GE Renewable Energy already has a leg up in the North American market, installing five first-generation Haliade wind turbines (the 6-MW Haliade 150) at Block Island in Rhode Island, America’s first commercial offshore wind farm.
Haliade-X features a 220-meter rotor and a 107-meter blade designed by GE subsidiary LM Wind Power. The turbine design also includes digital capabilities. GE says the wind turbine model features a 63% capacity factor—which is “five to seven points above the industry standard.” For GE, scaling up is important. “Each incremental point in capacity factor represents around $ 7 million in revenue for our customers over the life of a wind farm,” it noted. GE hopes to accelerate commercialization of the turbine by 2021. In January, the company said it would install a Haliade-X 12-MW offshore wind prototype in the Netherlands this summer.
However, GE faces stiff competition from other offshore wind turbine makers, including rivals like Siemens Gamesa Renewable Energy and MHI Vestas, which last year together controlled 60% of the offshore market. According to Wood Mackenzie Power & Renewables, in 2018, GE Renewable Energy held a sparse 3% share of the global market.
To boost its competitiveness in the growing renewable market, GE in January moved to integrate its renewables, grid, and energy storage assets into a simplified, single business that nearly doubles the size of its Renewable Energy division. But in March, the company finalized the sale of seven fully operational renewable plants totaling 650 MW to Enel Green Power North America Renewable Energy Partners.

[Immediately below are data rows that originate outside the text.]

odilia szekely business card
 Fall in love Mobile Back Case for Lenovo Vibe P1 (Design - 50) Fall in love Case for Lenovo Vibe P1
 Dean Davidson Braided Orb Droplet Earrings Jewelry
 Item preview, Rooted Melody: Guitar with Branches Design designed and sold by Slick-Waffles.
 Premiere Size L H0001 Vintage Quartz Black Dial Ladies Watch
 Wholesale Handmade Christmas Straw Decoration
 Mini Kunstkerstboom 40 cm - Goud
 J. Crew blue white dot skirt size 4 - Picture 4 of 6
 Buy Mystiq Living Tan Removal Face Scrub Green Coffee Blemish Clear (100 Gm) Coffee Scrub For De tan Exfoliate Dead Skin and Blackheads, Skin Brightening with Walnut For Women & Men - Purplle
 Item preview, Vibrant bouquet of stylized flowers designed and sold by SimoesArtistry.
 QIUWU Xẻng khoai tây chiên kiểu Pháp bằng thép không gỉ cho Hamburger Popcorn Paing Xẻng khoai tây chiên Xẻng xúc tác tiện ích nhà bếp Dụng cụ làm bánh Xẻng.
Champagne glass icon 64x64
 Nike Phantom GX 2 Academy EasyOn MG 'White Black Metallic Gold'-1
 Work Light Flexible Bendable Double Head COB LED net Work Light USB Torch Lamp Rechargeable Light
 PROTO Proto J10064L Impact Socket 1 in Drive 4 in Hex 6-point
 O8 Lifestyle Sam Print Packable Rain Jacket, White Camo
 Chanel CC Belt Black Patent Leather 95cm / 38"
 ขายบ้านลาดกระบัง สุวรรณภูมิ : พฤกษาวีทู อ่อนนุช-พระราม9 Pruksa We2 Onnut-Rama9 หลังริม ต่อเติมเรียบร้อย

This April, meanwhile, the company ceded rights outlined in a 2012 contract to exclusively supply wind turbines to three French offshore wind farms—potentially totaling 1 GW. The company said the projects owned by French firm Eolien Maritime France (EMF) had suffered “cumulative excessive delays since 2012.” The delays “have significantly impacted the financial characteristics of those projects for GE Renewable Energy. GE has therefore decided to review its engagement in the implementation of all these projects.” However, the company signed a memorandum of understanding with EMF confirming its commitment to provide and service Haliade 150-6MW turbines to the first of the three French EMF offshore wind farm to be cleared of any legal recourse.
“Since the award of the three offshore wind farms to EMF in 2012, GE Renewable Energy has committed the necessary resources and investments to design and manufacture the turbines, with the installation of a dedicated engineering office in Nantes and the construction of its manufacturing plant in Saint-Nazaire, which has enabled GE to produce already more than 80 turbines for other offshore wind farms in Europe, Asia and North America,” the company said.
GE would continue its contribution to the development of France’s offshore wind sector through the development of its new generation of Haliade-X 12-MW turbines,” it said. “Resources from Saint-Nazaire, Nantes and Cherbourg will be mobilized in order to ensure the development and commercialization, then the delivery, of this new turbine.”